A GOP aide confirmed that Burr is working to set up a briefing for the panel with the intelligence community's inspector general and acting Director of National Intelligence Joseph Maguire. 
 
A briefing with the Senate Intelligence Committee would come after the inspector general, Michael Atkinson, declined to discuss the incidents contained in the whistleblower complaint during a meeting last week with the House Intelligence Committee.
 
The whistleblower complaint reportedly involves attempts by Trump to persuade Ukrainian President Volodymyr Zelensky to investigate former Vice President Joe BidenJoe BidenBiden leads Trump by 36 points nationally among Latinos: poll GOP set to release controversial Biden report Can Donald Trump maintain new momentum until this November? MORE or his son.

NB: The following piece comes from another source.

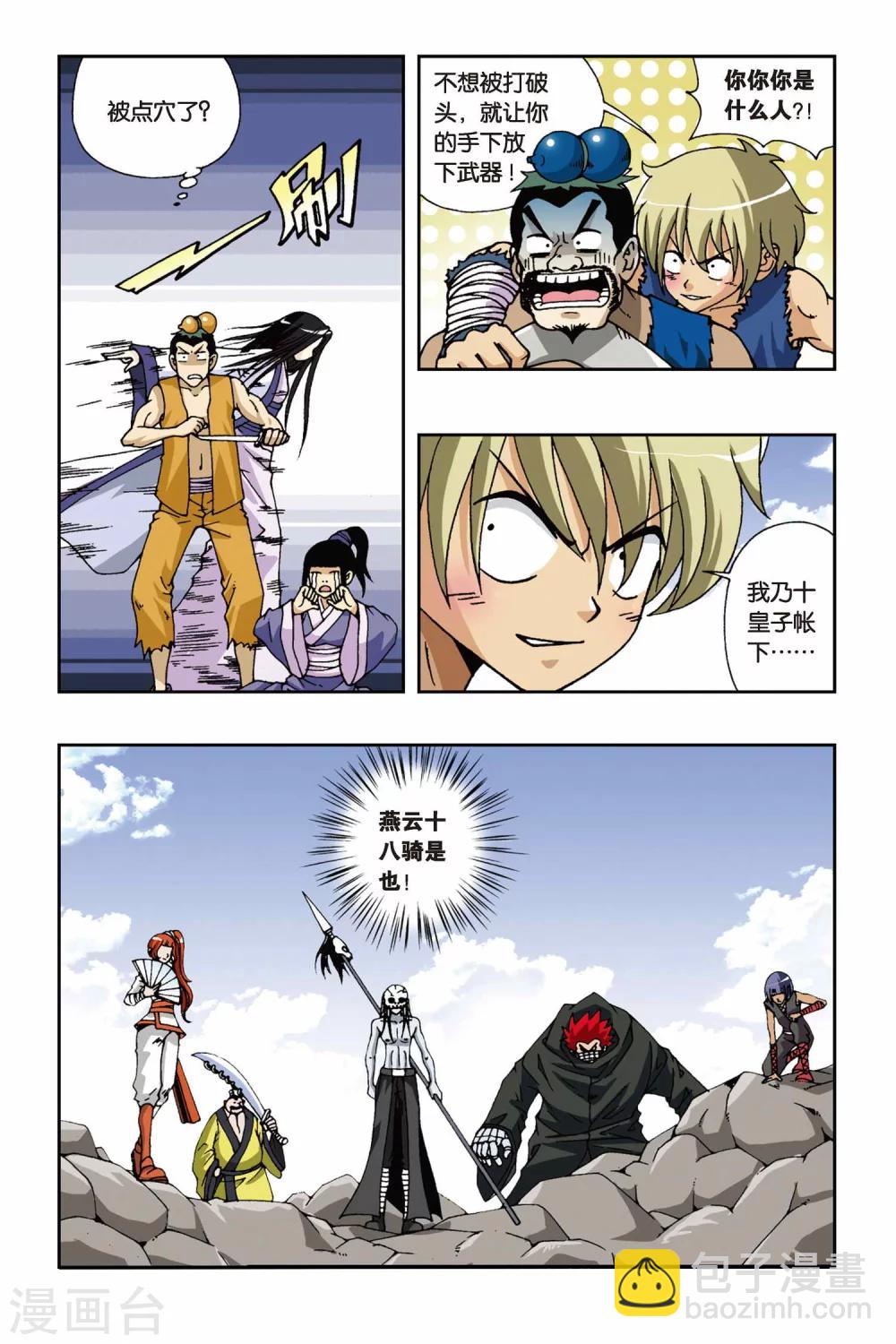 偷星九月天 - 第116話 齊聚飄渺城 - 3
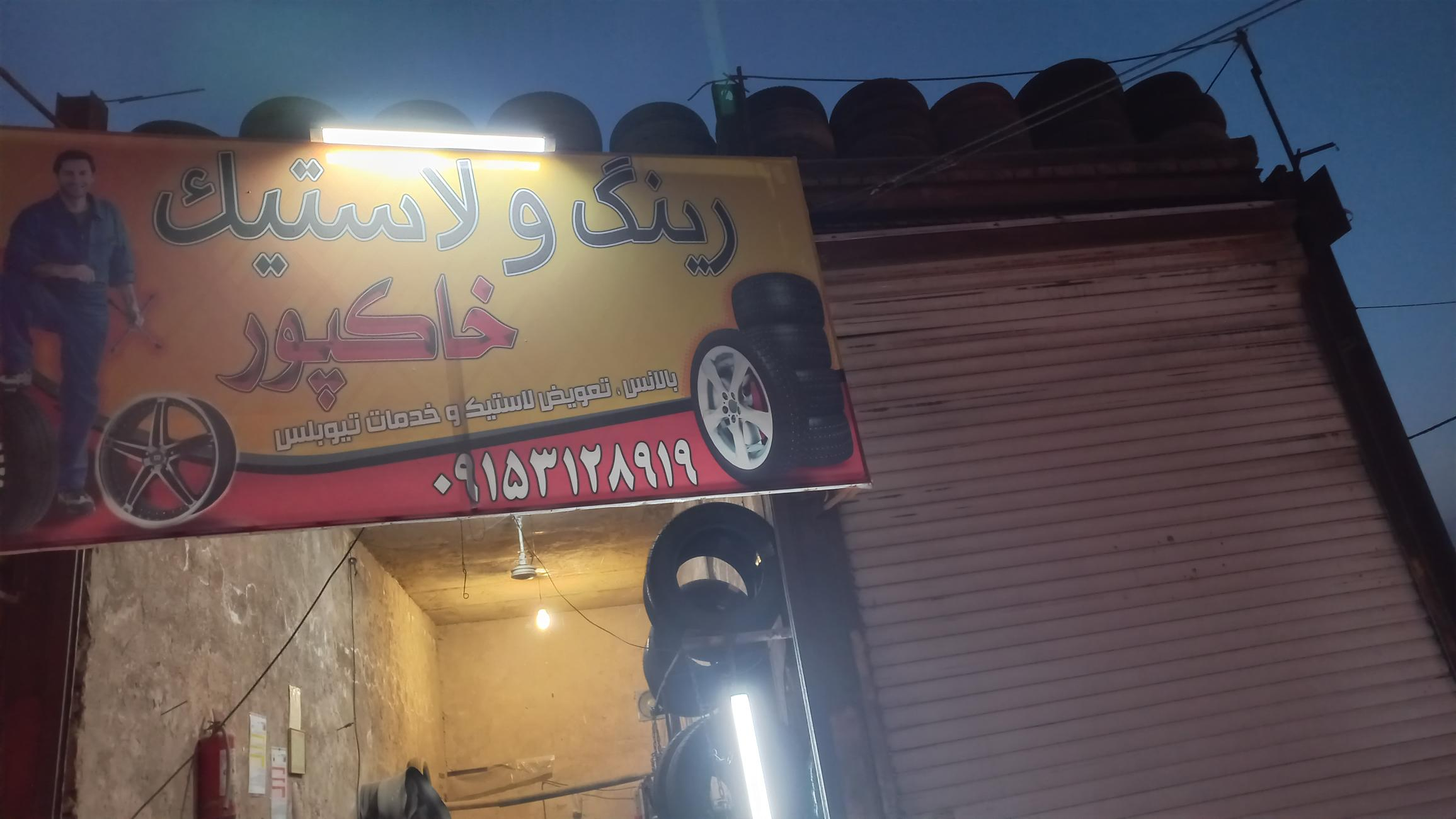 رینگ ولاستیک خاکپور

Reports surfaced over the weekend that both Trump and his attorney Rudy GiulianiRudy GiulianiDemocrats fear Russia interference could spoil bid to retake Senate Grand jury adds additional counts against Giuliani associates Lev Parnas and and Igor Fruman Juan Williams: Breaking down the debates MORE attempted to pressure Zelensky.
 
House Intelligence Committee Chairman Adam SchiffAdam Bennett SchiffTop Democrats call for DOJ watchdog to probe Barr over possible 2020 election influence Overnight Defense: Top admiral says 'no condition' where US should conduct nuclear test 'at this time' | Intelligence chief says Congress will get some in-person election security briefings Overnight Defense: House to vote on military justice bill spurred by Vanessa Guillén death | Biden courts veterans after Trump's military controversies MORE (D-Calif.) said last week that the panel would consider a series of remedies to compel Maguire to share the complaint with Congress. 
 
Schumer, in a letter to McConnell on Monday, called for a hearing to be held on the whistleblower complaint and for Senate Republicans to issue a subpoena to force the administration to tun over the complaint to Congress. 
 
"In the face of this dire warning and the Trump Administration’s effort to cover it up, the Republican-led Senate has remained silent and submissive, shying away from this institution’s constitutional obligation to conduct oversight," Schumer wrote.